# Prior Predictive Checks

#### Mauricio Garnier-Villarreal

Source:`vignettes/prior_pred_checks.Rmd`

`prior_pred_checks.Rmd`

### Introduction

In Bayesian models we need to specify priors for the model
parameters. Priors are the distribution that we *think* the
parameters would follow, even before having data. These can represent
**high** or **low** uncertainty, so that a
*diffuse* prior indicates that we don not know a lot about how
the parameter would behave, while an *informative* prior means
that we are quite certain about the expected distribution.

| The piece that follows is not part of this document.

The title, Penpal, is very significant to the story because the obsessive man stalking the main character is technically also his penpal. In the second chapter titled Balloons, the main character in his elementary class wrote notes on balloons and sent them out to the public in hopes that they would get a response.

### Prior Predictive Checks

Prior predictive checks (PPC) generate data according to the prior in order to asses whether a prior is appropriate (Gabry et al. 2019). A posterior predictive check generates replicated data according to the posterior predictive distribution. In contrast, the prior predictive check generates data according to the prior predictive distribution \(y^{sim} ∼ p(y)\).

The prior predictive distribution is just like the posterior predictive distribution with no observed data, so that a prior predictive check is nothing more than the limiting case of a posterior predictive check with no data.

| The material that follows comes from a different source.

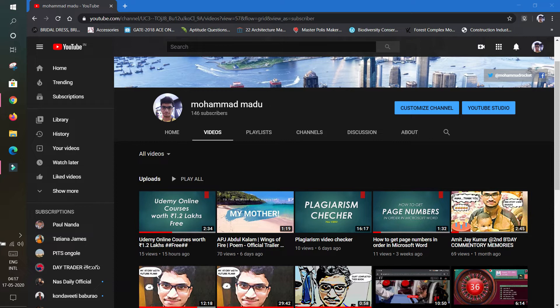On Udemy, if you want to get a certificate after completion of the course, you can enroll in that Udemy course for some money. They're going to give 60%, 90%, or 95% discounts like that, and you can earn a certificate.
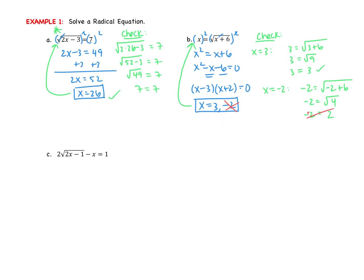We might ask ourselves, why is there no plus or minus? Here's what you need to know: if I ask you what's the square root of 9, the answer is 3. But if I tell you x squared equals 9, where you put the square root in, then you get plus or minus. So if the square root is already there in the problem, you just get a positive answer. When you put a square root in yourself, you get plus or minus. That's the key note.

This is easy to carry out mechanically by simulating parameters \(θ^{sim}∼p(\theta)\) according to the priors, then simulating data \(y^{sim}∼p(y∣ \theta^{sim})\) according to the sampling distribution given the simulated parameters. The result is a simulation from the joint distribution, \((y^{sim},θ^{sim})∼p(y,\theta)\) and thus \(y^{sim}∼p(y)\) is a simulation from the prior predictive distribution.

In *blavaan* we can get PPC when we use the argument
`prisamp=TRUE`

, this will tell blavaan to ignore the data
and build distributions only from the priors. Here we will start by
adjusting the priors, instead of using the default priors.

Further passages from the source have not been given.